The statement published earlier today (3rd February) by the STM Association and signed by a number of its members (and a number of non-members), continues to perpetuate a number of myths and errors relating to the Rights Retention Strategy.

From the start it is worth stressing that cOAlition S continues to engage with many of the publishers who are signatories to the letter, supporting routes which enable the Version of Record (VoR) to be made Open Access.  Funders, like Wellcome, are not only supporting Article Processing Charges in fully open access journals, but also allow their funding to be used to support transformative arrangements – such as Read and Publish agreements – and more recently, transformative journals (which a number of signatories – including Elsevier and Springer Nature – have developed). Although the Rights Retention Strategy (RRS) is indeed being implemented as of January 2021, publishers have received notice of the Rights Retention Strategy since July 2020, and cOAlition S has held various meetings with them to discuss their concerns and explain what the RRS is trying to achieve.

We agree that management and support of the peer review process require significant resources. However, while we do not underestimate the value that publishers add to the process, we point out that peer review is conducted on a voluntary basis by the research community.

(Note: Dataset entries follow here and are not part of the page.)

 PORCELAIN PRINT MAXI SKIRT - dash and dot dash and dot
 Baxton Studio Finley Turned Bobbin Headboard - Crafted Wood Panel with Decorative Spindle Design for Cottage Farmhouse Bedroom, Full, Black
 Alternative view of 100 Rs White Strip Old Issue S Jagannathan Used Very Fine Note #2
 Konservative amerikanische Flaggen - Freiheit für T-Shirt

We are somewhat perplexed to read that the “Rights Retention Strategy ignores long-standing academic freedoms”. As these are left unspecified, it is hard to see how that could be the case. However, we believe the Rights Retention Strategy restores long-standing academic freedoms, in that it asserts the authors’ ownership of their publication after peer review, to re-use and share as they please. It is up to the publishers to demonstrate the added value of the Version of Record, for which cOAlition S funders are willing to pay, as we have repeatedly stated.

The paper also states – without substantiating this claim – that the Rights Retention Strategy will undermine the Version of Record. Again, how exactly this will be achieved is left unspecified. We allow for publishers to formulate conditions on the relation between the Author Accepted Manuscript and the Version of Record: publishers can stipulate that reference should always be made to the Version of Record. We also believe that the authors themselves have a vested interest in referring to the Version of Record. As is well known, peak re-submissions to ArXiv happen at the time of publication, which suggests that authors are uploading the AAM or the VoR. This seems not to have affected the integrity of the VoR, nor indeed publishers’ income. So we see no reason for this gloomy and wholly unsubstantiated prediction.

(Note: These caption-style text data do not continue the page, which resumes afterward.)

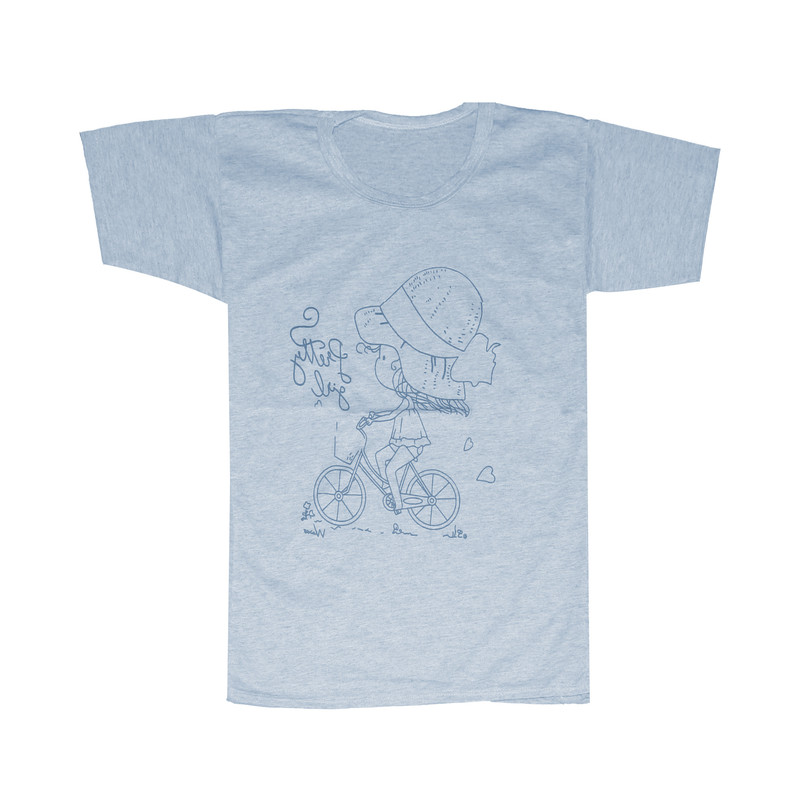 تی شرت آستین کوتاه دخترانه مدل GL-BL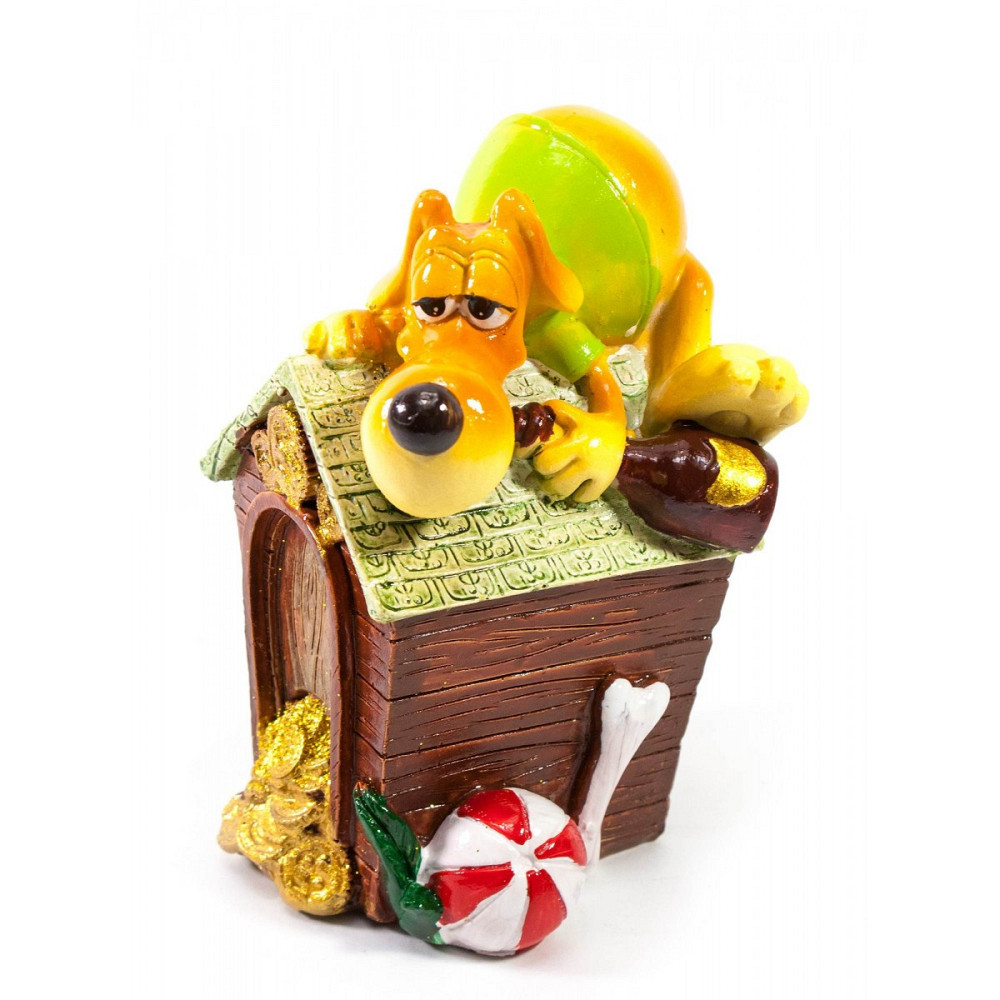 Копилка для монет сувенир Собака на будке Киев - изображение 1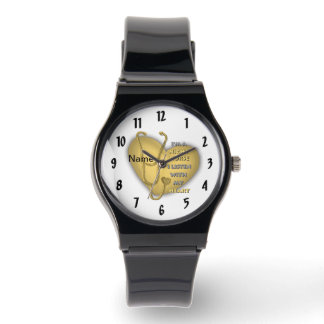 Montre Infirmière de nuit du coeur jaune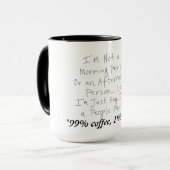 Tasse Pas une personne sociale (Devant gauche)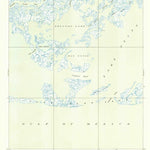 United States Geological Survey Central Isles Dernieres, LA (1950, 31680-Scale) digital map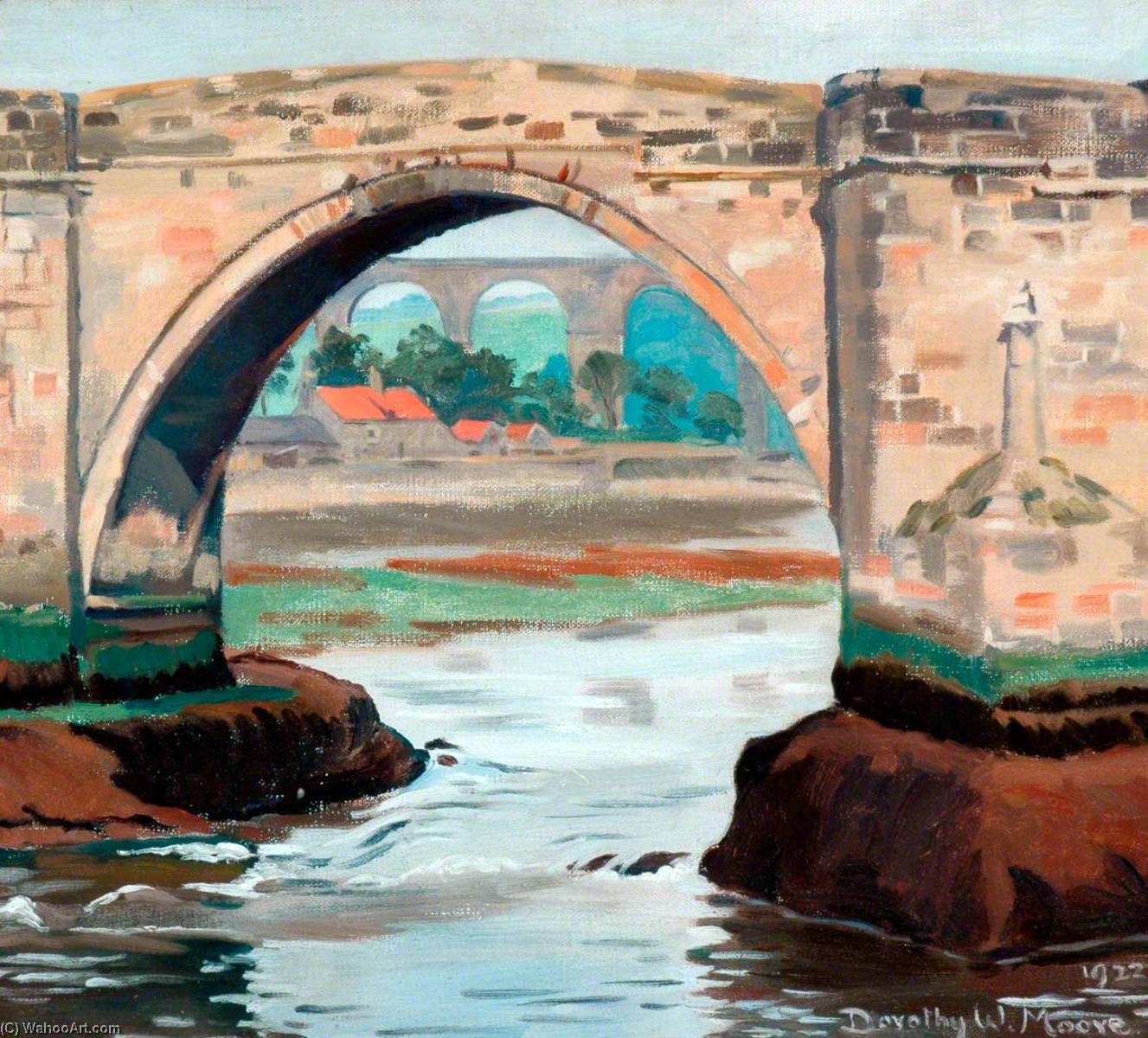 Principal Arch, Old Bridge, Berwick On Tweed — Dorothy W Moore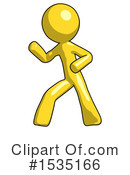 Yellow Design Mascot Clipart #1535166 by Leo Blanchette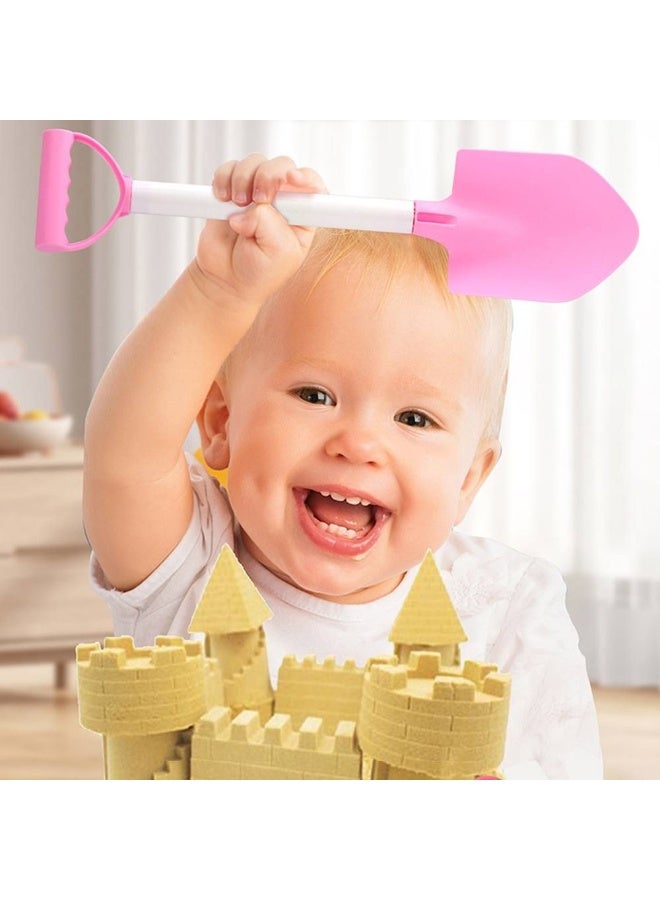 مجموعة ألعاب الشاطئ الملونة الإبداعية دلو بلاستيكي قابل للطي مجموعة حفر الرمل إبريق سقي ألعاب للأطفال لعبة رمل للجنسين - Image 4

Furthermore, the statement attempts to confuse authors, stating ominously that “The signatory publishers (…) urge authors to consult with their journals of choice as to what is allowed.” Authors need not do any such thing. Using the Rights Retention Strategy is an individual right that authors have to assert intellectual ownership of their work. They do not need the publishers’ permission to exercise that right. In addition, the Rights Retention Strategy is now a contractual grant condition for cOAlition S grantees. It would be a matter of significant concern if we saw the publishers encouraging cOAlition S grantees to violate their contractual obligations with their funder.

Publishers are, of course, at liberty to reject all manuscripts which give notice to the publisher of the prior right to share their accepted manuscript.  Publishers who wish to do so, should contact cOAlition S so that we can update the Journal Checker Tool with this information.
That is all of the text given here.